Tuesday, September 30, 2014

Plankton live on the outside of the ISS and bacteria that resist travel … – Trends 21


The last August, Russian space officials on board the International Space Station (ISS) said in comments reported by the Russian news agency ITAR-TASS have found traces of marine plankton and other living organisms on the outside of the station.

According to them, the plankton was not there at the time of the launching of the International Space Station, launched in November 1998, when the Russian Proton rocket placed in orbit the largest Russian module Zarya, the main model and designed to provide the space station and initial energy propulsion. Subsequently, new modules were added to this structure, which may have been made permanent human presence in space for the first time in history.

As microorganisms found had not been put there by humans, how arrived at the ISS? According astronauts ventured then, surely drafts from Earth.

The NASA spokesman, Dan Hout said about it, also in August that “We have not had access to any official report from our colleagues Roscosmos (the Russian space agency) about the discovery of plankton on the outside of the ISS “, picked Space.com.

Now the story returns to the media highlighting how amazing the fact that microbes can survive in the vacuum of space, despite temperatures ice cream makers, lack of oxygen and cosmic radiation prevailing there.


Findings made itself

Whether or not marine plankton dwelling on the outside of the ISS, as had been demonstrated by other means, that certain forms of life could survive a while-at least under the conditions of space.

In 2012, three experiments performed by scientists at NASA on the ISS itself, to determine whether living organisms could reach Mars in future human spacecraft revealed that some microbes themselves have this capability.

For example, spore-forming bacterium Bacillus pumilus SAFR-032 survived for 18 months in the European Technology Exposure Facility (EuTEF), a load mounted on the outside of the International Space Station which allows to exhibit materials directly to the harsh space environment.

A second experiment with spores of the same bacteria and other spore-forming bacteria, submitted for a year and a half of space vacuum conditions and a simulated Martian atmosphere, revealed that all of them would survive a trip in a spacecraft to Mars, if they remain protected against solar radiation.

The third experiment, which consisted of placing year and a half in space rocks cellular organisms specially adapted to extreme environmental conditions of some terrestrial habitats, also found that these agencies would also resist in space.

Life Beyond the ISS?

In addition, to date, scientists have found what appear to be traces of life forms in Martian meteorites or in the stratosphere; and complex organic substances in outer space.

In this regard, the latter finding has recently produced: A team of researchers from Cornell University (USA) and the Max Planck Institute for Radio Astronomy and the University of Cologne (two centers in Germany ) just made public the discovery in interstellar space in an unusual organic molecule, it has a (own of the molecules necessary for life, such as amino acids), branched structure rather than linear, as usually found in the cosmos.
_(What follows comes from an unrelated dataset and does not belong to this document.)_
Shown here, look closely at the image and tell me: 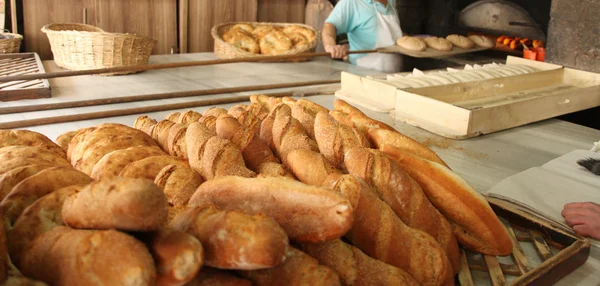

This discovery was made at 27,000 light years away thanks to the ALMA Observatory, the world’s most sensitive radiotelecopio.

All these findings seem to support the theory of panspermia, which argues that the essential elements for life were formed in the early stages of evolution of the universe expanding this. According to this hypothesis, life would come to Earth thanks to the impacts suffered by our planet at an early stage of their training.